На мой взгляд, текст М.И.Стеблин-Каменского, хотя и интересен, но неоднозначен, местами противоречив, в целом непоследователен. Когда я говорю «текст», я имею в виду как содержательную композицию главы, имеющей название «Что – добро и что – зло?», так и описание сагических нравов исландцев, так и озвучиваемые, а временами только подразумеваемые выводы автора. Конечно, надо принимать во внимание, когда и в каких общегуманитарных условиях писался этот текст. Но мы же сейчас обсуждаем этот текст – и не для оценки автора, которая должна быть историчной (мы же его уже прочитали, и принцип историчности знаем), а для уразумения проблем(ы).
Меня очень заинтересовали сведения о различных словах, обозначавших «убиение» (я использую такую как будто архаическую форму для избегания ценностного подтекста слова «убийство»), у древних исландцев. В английском языке мы знаем «killing» и «murder». Но ведь также есть «assassination», «dispatch» «homicide» и даже «blood». Не все семантические и коннотативные оттенки этих слов ясны из того, что говорят словари. Нам не совсем ясны эти различия и в приводимых автором исландских словах, но некоторые определенны. (Интересно, а как в русском, а как в разных других языках литовском, например?). Нам, в общем, объяснены базовые значения «víg» и «morð»; а нюансы этих слов, возможно, и вполне подвижны. Но автор, к сожалению, не доводит до конца свою просветительскую работу. Приводя немало фрагментов, пусть и очень кратких, из саг, он не показывает, какие слова в каких контекстах употребляются. А это интересно.
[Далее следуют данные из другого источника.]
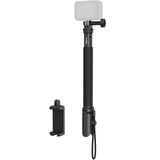 SmallRig Wireless Remote Controller for Action Cameras and Mobile Phones 5462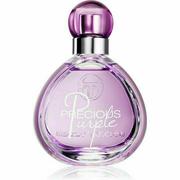 Wody i perfumy damskie - Sergio Tacchini Precious Purple woda toaletowa 50ml - miniaturka - grafika 1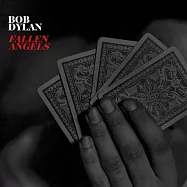 Bob Dylan / Fallen Angels (Vinyl)(巴布狄倫 / 墮落天使 (LP黑膠唱片))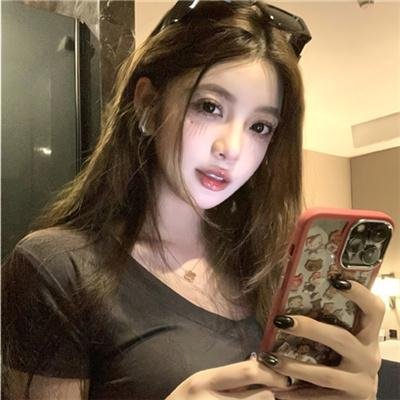 心尘情缘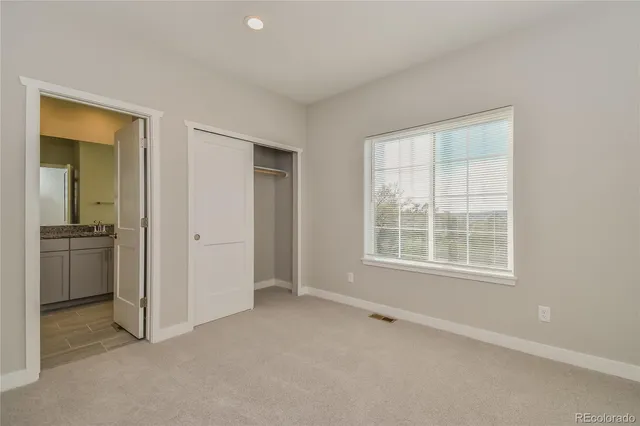 $2,180 | 840 Promontory Rock Grove, Colorado Springs, CO 80905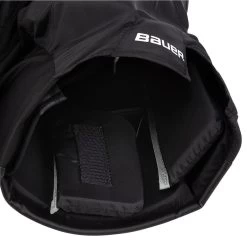 Bauer Elite Senior Goalie Pants -Baseball Equipment bauer goalie pants elite sr 20 inset6
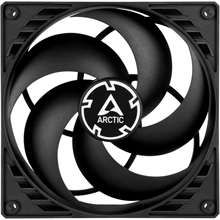 ARCTIC ACFAN00123A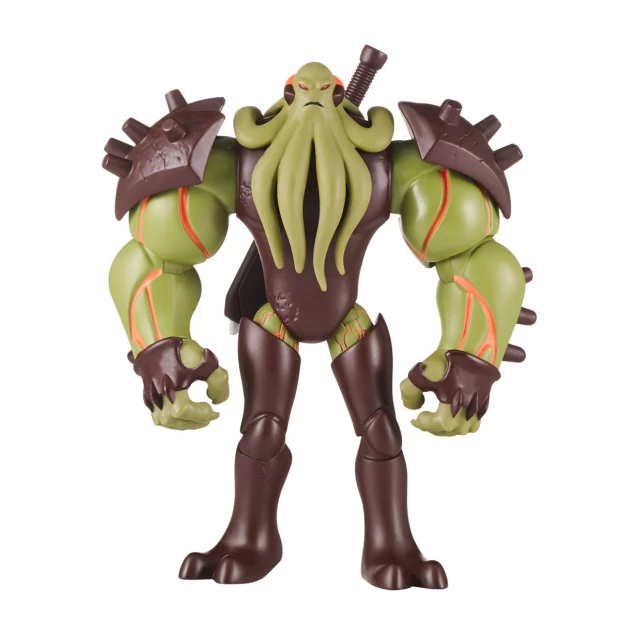 

Ben-10 Фигурка Вилгакс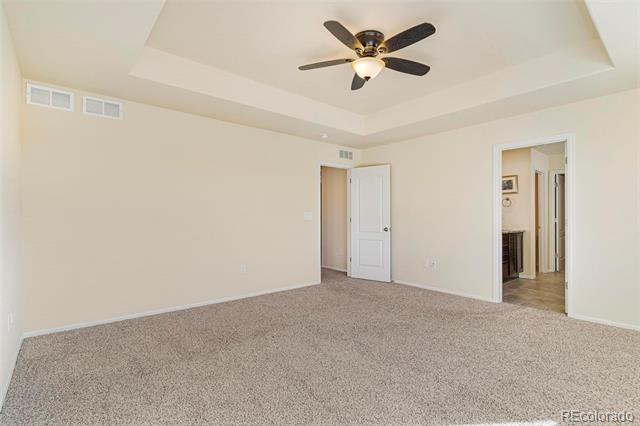 7242 E 133rd Circle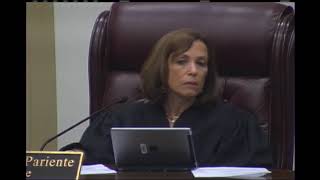 ⚖️ Death Sentence Affirmed — Postconviction Relief Denied, IAC Claims | Pham v. State SC14-142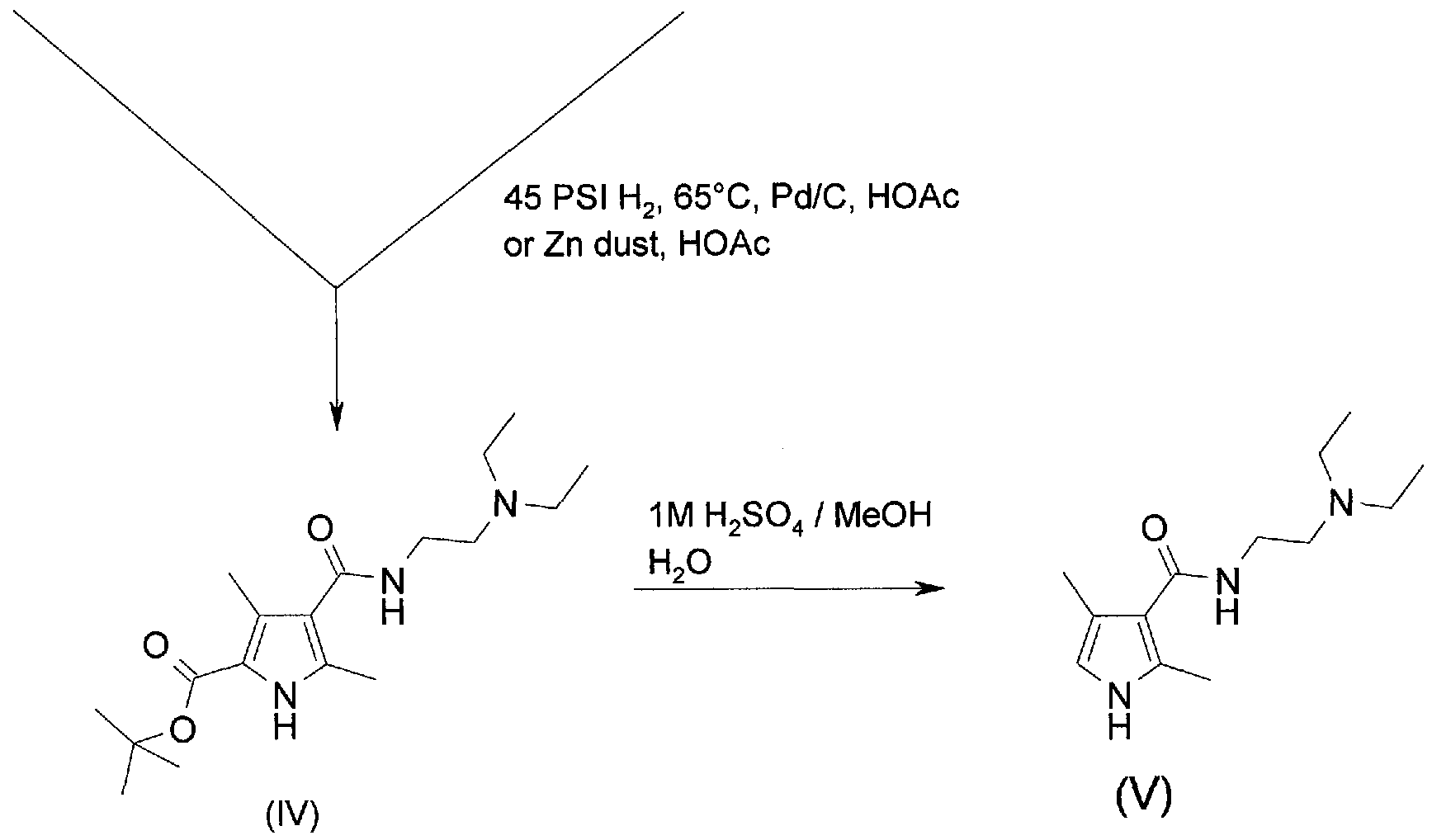 Figure imgf000004_0003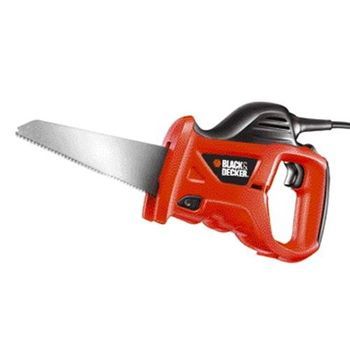 Sierra Scorpion 400w 239mm Ks880ec-qs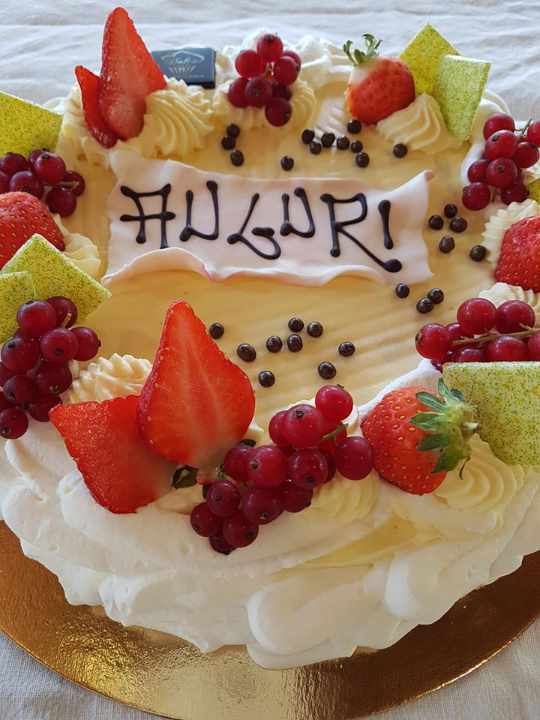 torta-compleanno-4b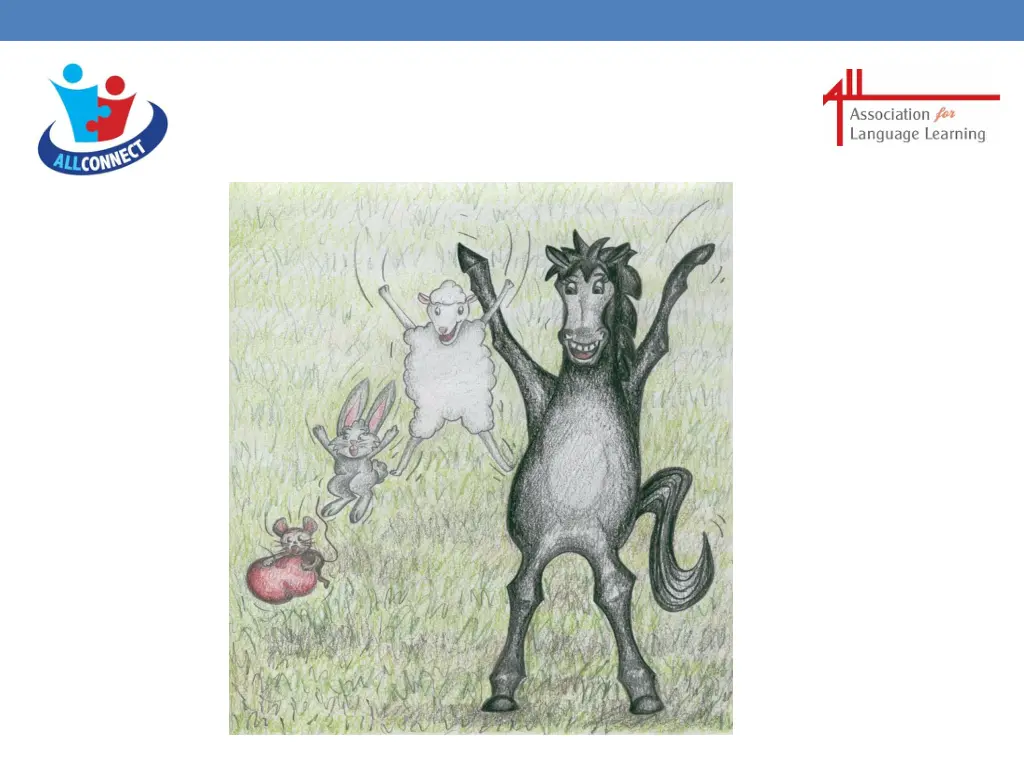 slide22
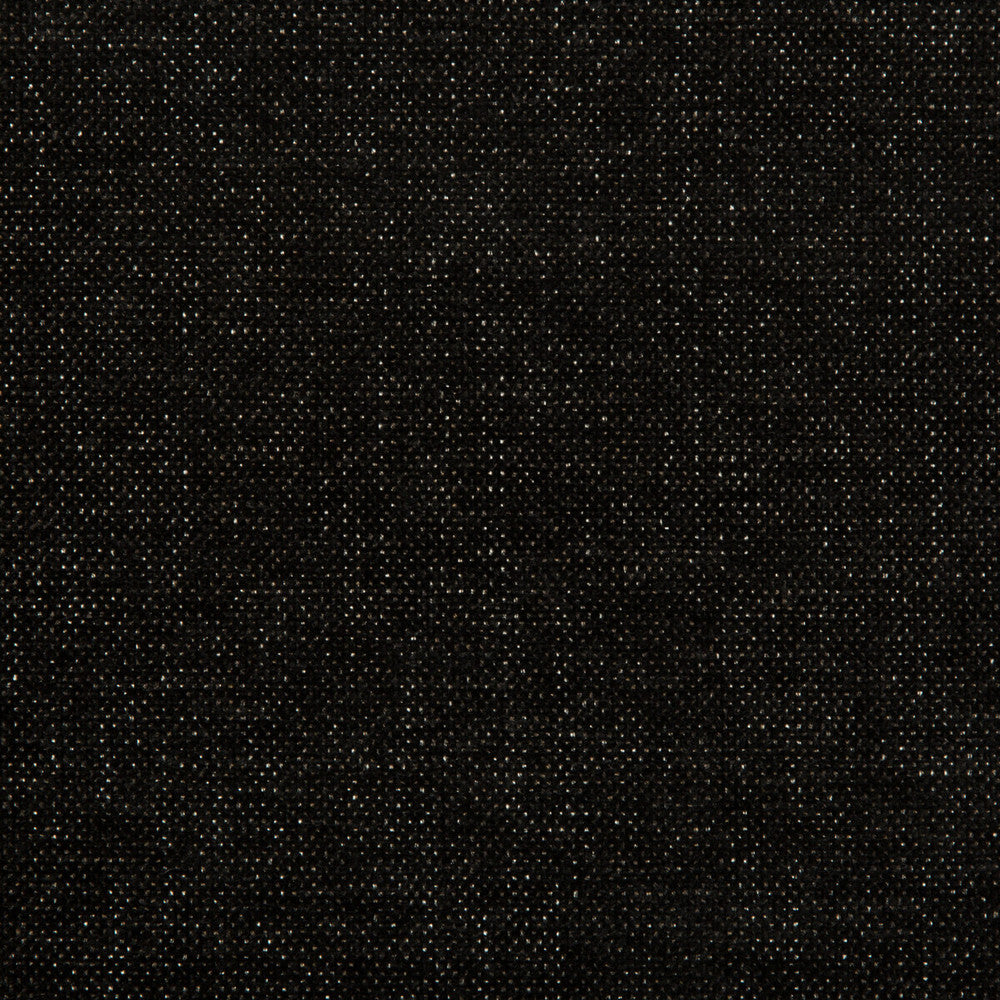 35393-8 by Kravet Smart Fabric PERFORMANCE CRYPTON HOME POLYESTER - 100% China HEAVY Horizontal: and Vertical: 54 - Fabric Carolina -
У меня такое впечатление, что М.И.Стеблин-Каменский с самого начала имеет в виду полемику относительно христианского и языческого компонентов (их соотношения, доминирования одного или другого) в исландских сагах. Он совершенно справедливо напоминает о необходимости исторического подхода в оценке нравов древних исландцев; однако, на мой взгляд, «христианская» часть его главы написана с каких-то иных позиций. Можно назвать их атеистическими, и, наверное, так они и воспринимались в начале 1980-х. Однако я бы их назвал антихристианскими. (Подозреваю, что вообще большая часть советской атеистической литературы – в особенности той, в которой критиковалась не религия как таковая, а именно христианское учение – была именно антихристианской, с не до конца проясненными мировоззренческими основаниями авторов). Автор говорит о том, что христианство относительно поздно становится таким, каким мы его сейчас воспринимаем – сентиментально-милосердным и гуманным. Наверное, собственно гуманным оно становится лишь в теологических или экуменических рационализациях; принцип гуманизма как таковой идет в разрез не только с христианством, но и любой монотеистической религией. Однако сентиментально-милосердным оно было с самого начала – с проповеди Христа. Другое дело, что с самого начала социальная практика христианства, а потом и христианская политика не всегда соответствовали христианской этике. Для прослеживания этих несоответствий не обязательно углубляться в историю; достаточно сопоставить Евангелия с Деяниями. Что говорить об исландских, а также всех других княжеских (королевских) крестителей, если сами апостолы в своей миссионерски-проповеднической деятельности «превышали пределы необходимого» рвения. М.И.Стеблин-Каменский говорит, что христианство принесло нравственный упадок. Мы помним, что другой антихристианин, Ф.Ницше говорил то же самое, но в более резких выражениях и с бооольшим поэтическим пафосом.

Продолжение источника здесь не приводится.